O que é o medicamento homeopático?


Os medicamentos homeopáticos são preparados a partir de substâncias extraídas da natureza, provenientes dos reinos mineral, vegetal ou animal.

Para que a substância da natureza seja usada como medicamento homeopático, é necessário prévio conhecimento de sua potencialidade curativa, através da experimentação no homem são. Tais substâncias podem ser tanto tóxicas quanto inertes, desde que, quando experimentadas, ofereçam a melhor similitude aos sintomas da doença a ser tratada.

As preparações básicas dessas substâncias recebem o nome de tinturas-mãe e a partir delas são iniciados os processos das diluições sucessivas.

No início de suas experiências, Hahnemann começou diluindo os medicamentos e verificou que, quanto mais diluía, minimizavam-se as reações indesejáveis. Percebeu também que ao fazer diluições sucessivas das substâncias e agitá-las diversas vezes, obtinha sempre melhores resultados, foi assim que ele chegou às doses mínimas. Desta maneira, a toxicidade das substâncias é atenuada e o potencial curativo é aumentado.

Ao processo de diluição seguido de agitação, damos o nome de dinamização (dynamis- vem do grego e significa força). Através da dinamização, se consegue despertar na substância a capacidade de agir sobre a força vital do organismo vivo.

 

ORIGEM E CLASSIFICAÇÃO:

 

A - Derivados de Vegetais: O Maior Número Deles

I - Plantas inteiras: Belladonna, Aconitum napelus

Partes delas: Svmphytum officinalis (raízes frescas); Sanguinaria canadensis (raízes frescas); Nux vomica (sementes)
Lycopodium clavatum (esporos)

II - Produtos fisiológicos (SARCÓDIOS).  Ex.: Asa foetida, Terebinthinae oleum, Hura brasiliensis, Opium (resinas vegetais)

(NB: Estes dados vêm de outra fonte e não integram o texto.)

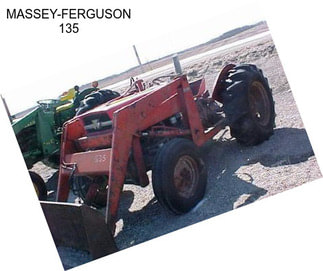 MASSEY-FERGUSON 135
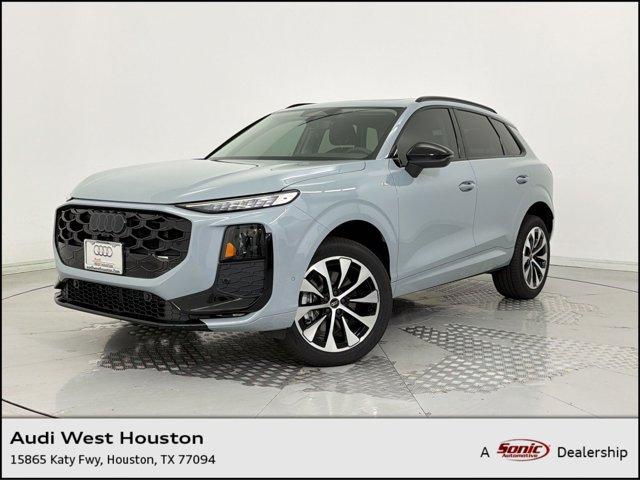 New 2026 Audi Q3 TFSI quattro S tronic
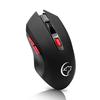 YWYT G817 Wireless Mouse 2.4G Wireless Gaming Mouse 2400DPI 6 Buttons Optical Ergonomic Mouse with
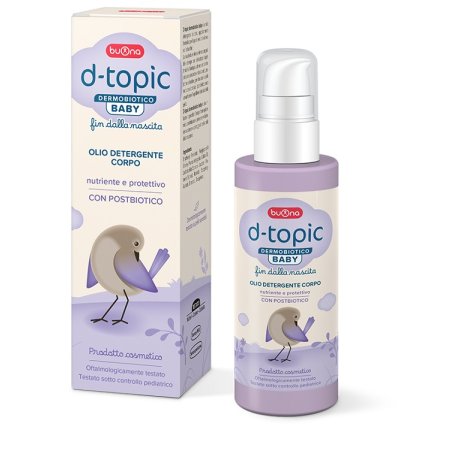 DTOPIC DERMOBIOTICO BABY 150ML DTOPIC DERMOBIOTICO BABY 150ML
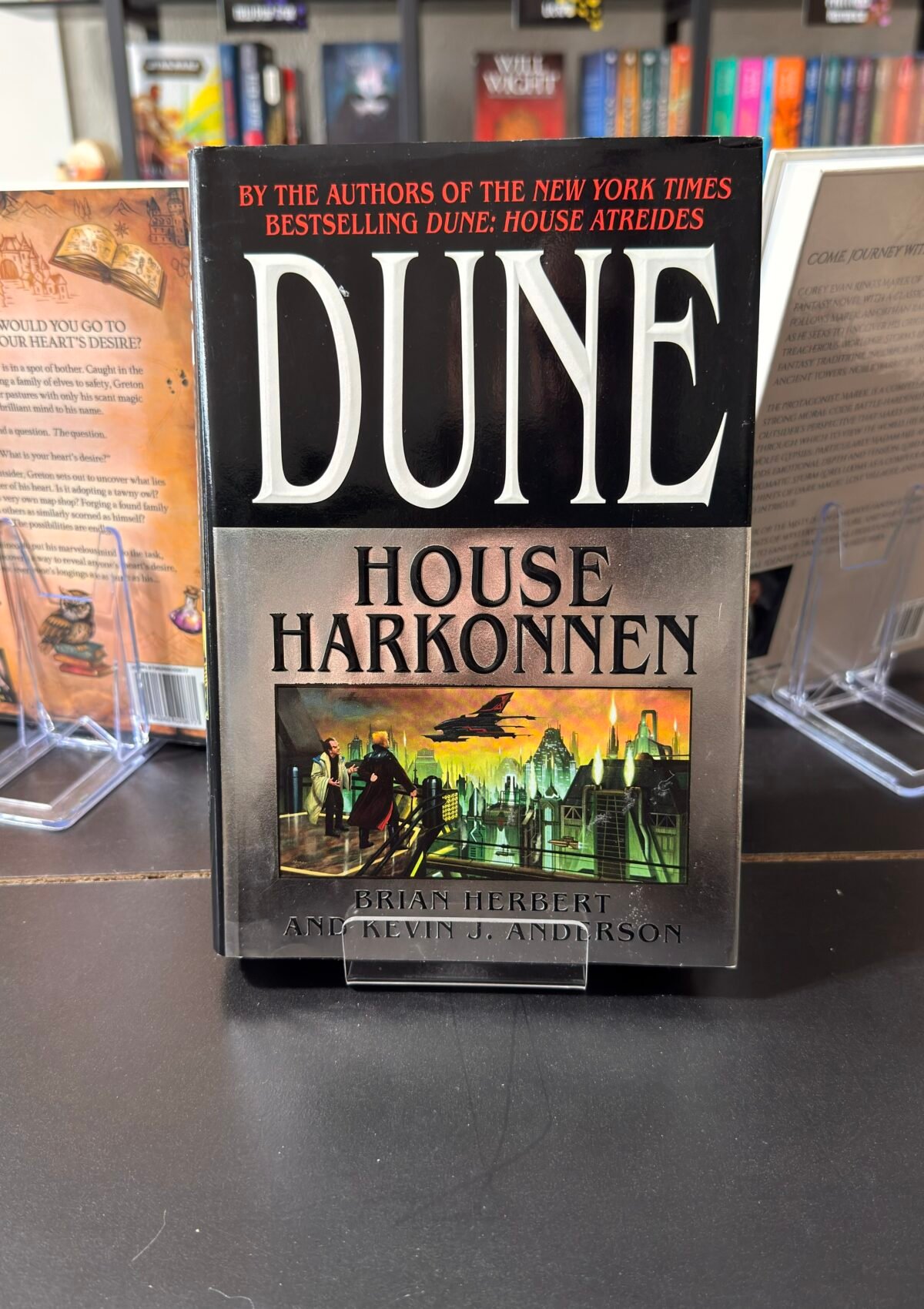 Dune: House Harkonnen (Dune Prequel Book #2)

III - Produtos patológicos (NOSÓDIOS). Ex: Secale cornutum (fungo Claviceps purpurea que cresce sobre o grão de centeio); Ustilago maidis (fungo sobre grão de milho); Solanum tuberosum (fungo que cresce na batata).


B - Derivados de Animais

I - Inteiros, partes, frescos ou secos, vivos ou mortos:
Ex: Apis mellifica (abelhas vivas); Cantharls vesicatoria (cantáridas secas); Tarantula cubensis e Tarantula hispana (aranhas inteiras)

II - Produtos fisiológicos (SARCÓDIOS)

Ex: Lachesis trigonocefalus, Crotalus horridus, Naja vipera (venenos de cobras); Sepia succus (tinta de polvo);
Mephites putorius (secreção de glândulas anais de um tipo de raposa); Moschus (musk); Lac defloratum e Lac caninum (leites); Calcarea ostrearum (pó de cascas de ostras)

III - Produtos patológicos (NOSÓDIOS), bactérias ou suas toxinas, órgãos doentes ou suas secreções.

Ex.: Tuberculinum, Syphylinum, Psorinum, Streptococcinum

IV - ORGANOTERÁPICOS, obtidos de órgãos frescos ou secos, ou de suas secreções, como os hormônios.

Ex.: Thyreoidinum, Ovarium, Insulina, Adrenalina.

 

V - AUTO-ISOTERÁPICOS ou AUTONOSÓDIOS:

Produtos fisiológicos ou patológicos de um doente, utilizados com a finalidade de tratar sua própria doença.São as “auto vacinas homeopáticas”, geralmente preparadas a partir de secreções do nariz, orofaríngea, sangue (auto-hemoterápicos), pele (eczemas, pus, carcinomas), urina, fezes, etc.

 

C - Derivados do Reino Mineral

 

 I - Origem natural:  Ex.: Aurum metalicum (Ouro) , Kali carbonicum (carbonato de potássio obtido das cinzas de plantas), Natrum muriaticum (sal marinho não-purificado), Graphites (produto inglês da mina de Borrowdale), Petroleum (da Austria) Mica (completamente branca, da Índia), Sulphur (da Itália).

 II - Origem industrial, sintética: sais orgânicos, vitaminas.

 Ex.: Sulfanilamida, Mercurius iodatus ruber, diversas penicilinas.

 III - Preparações exclusivamente homeopáticas:

 Ex.: Hepar sulphuris = cascas de ostras em pó com enxofre; Causticum = mistura de cal em água, com bissulfito de potássio e água fervente; Mercurius solubilis = nitrato de protóxido de mercúrio com amônia; Calcarea acetica = pó de cascas de ostras com vinagre de vinho.

 

 D - Imponderáveis: Não-Enquadrados nos Casos Anteriores:  Ex.: Magnetis polus arcticus, Eletricidade, Raios-X, Ralo de sol, Raio de lua.